──────── Supplied data

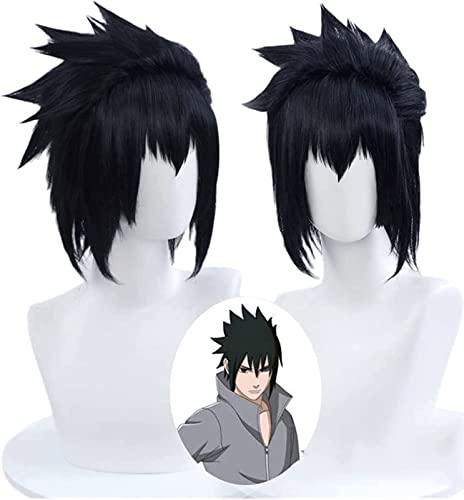 ZUKKY Anime Sasuke Uchiha Cosplay Perücke schwarz Kurze Haare Perücken Hitzebeständige Synthetische Halloween Kostüm Party Perücken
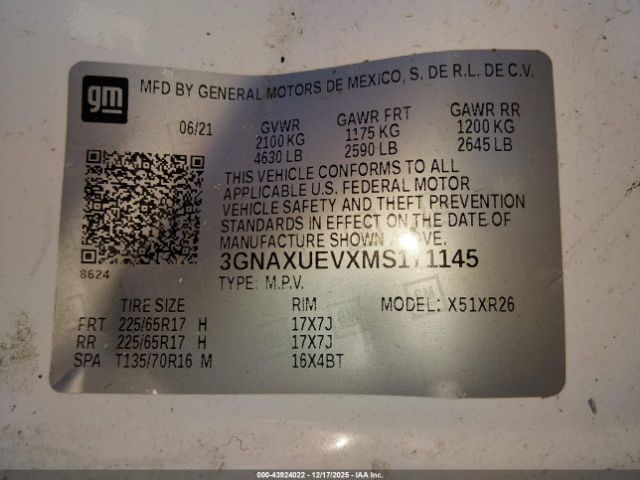 2021 CHEVROLET EQUINOX 3GNAXUEVXMS171145 Photo 8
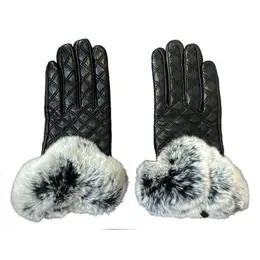 Vegan Leather Faux Fur Gloves Black and White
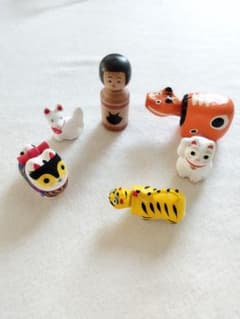郷土玩具 縁起物 6点セット こけし 招き猫 赤べこのサムネイル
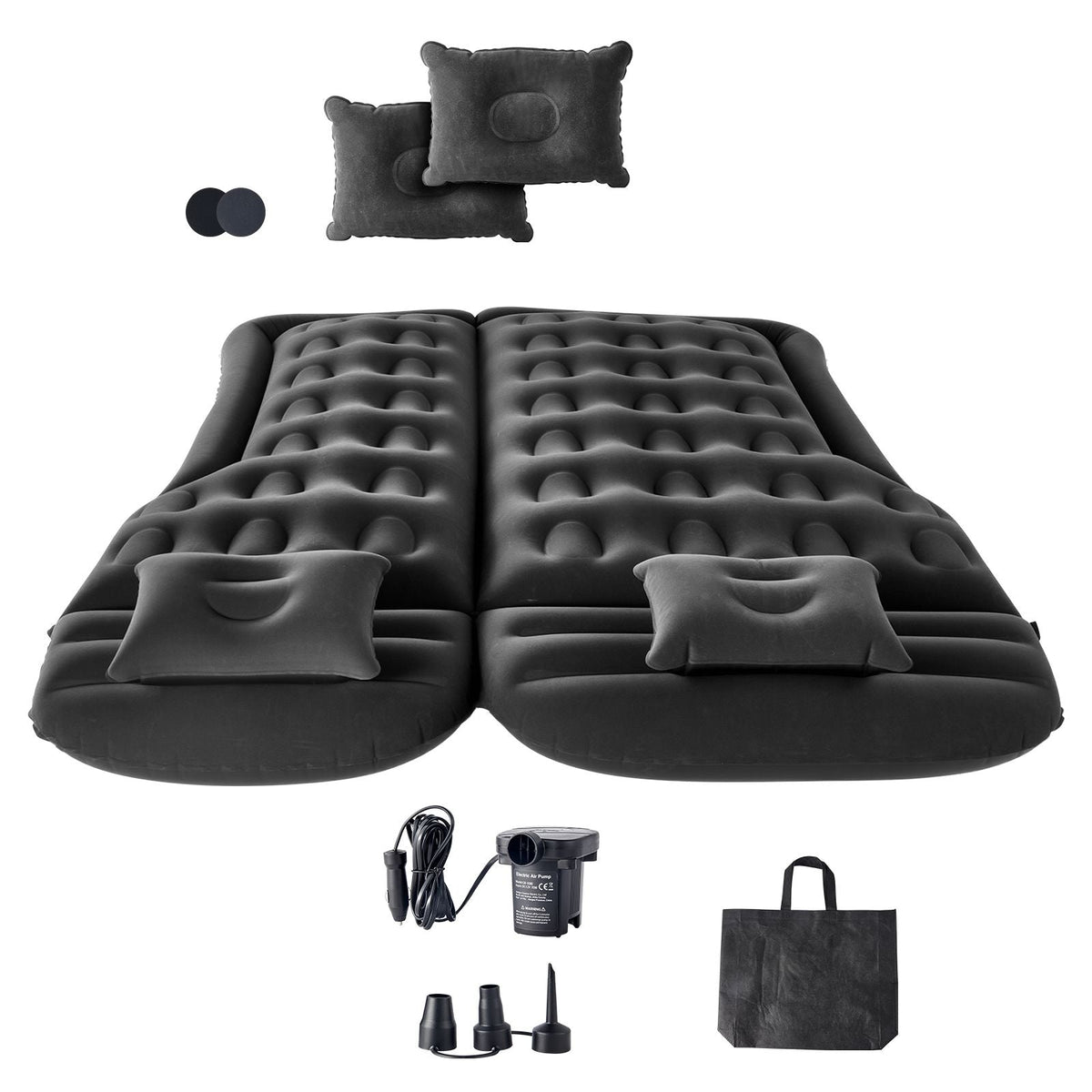 Car Air Mattress, Inflatable Car Camping Mattress, Flocking Thickened Travel Beds, Durable Portable Sleeping Pad with Air Pump, 2 Pillows, Nozzle, Carry Bag, Fits Most SUV MPV Sedan, Black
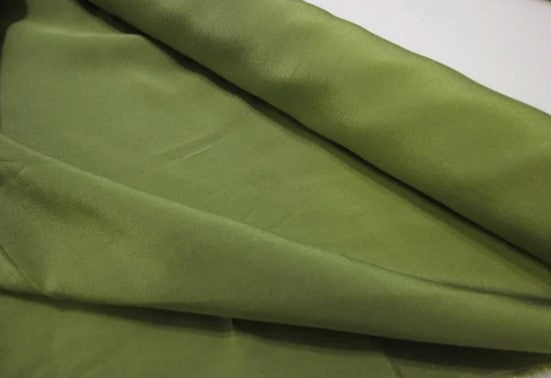 Pea green silk crepe de chine fabric, $39/yd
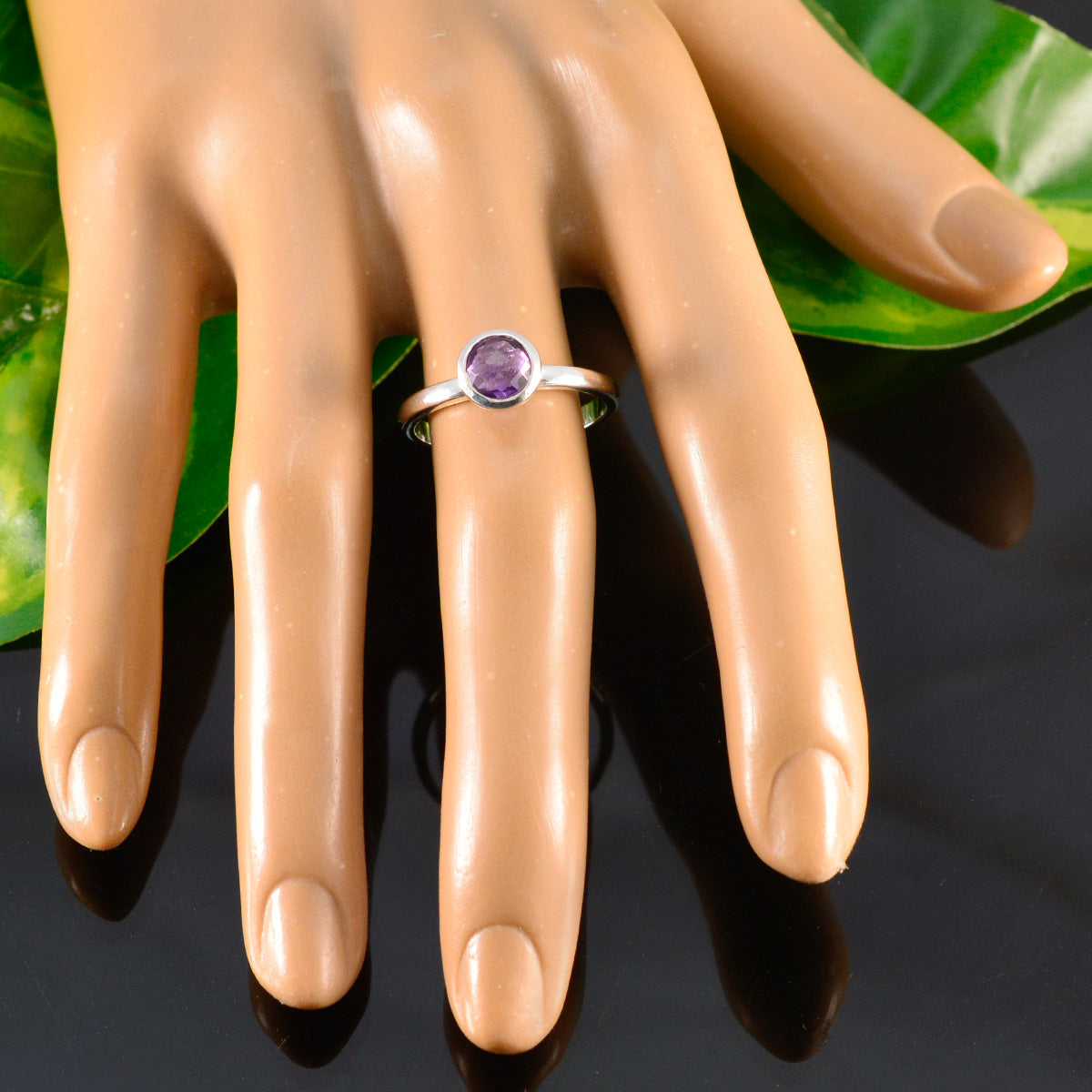 Amethyst Solitaire Korean Silver 925 Purple Gemstones Dainty Modern Ring Jewelry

────────────────

**Your assignment**
All lines from the one containing "Car Air Mattress, Inflatable" to the end of the entries should appear in the output exactly as written, with no pictures.

**Solution for this problem**
 Car Air Mattress, Inflatable Car Camping Mattress, Flocking Thickened Travel Beds, Durable Portable Sleeping Pad with Air Pump, 2 Pillows, Nozzle, Carry Bag, Fits Most SUV MPV Sedan, Black
 Pea green silk crepe de chine fabric, $39/yd
 Amethyst Solitaire Korean Silver 925 Purple Gemstones Dainty Modern Ring Jewelry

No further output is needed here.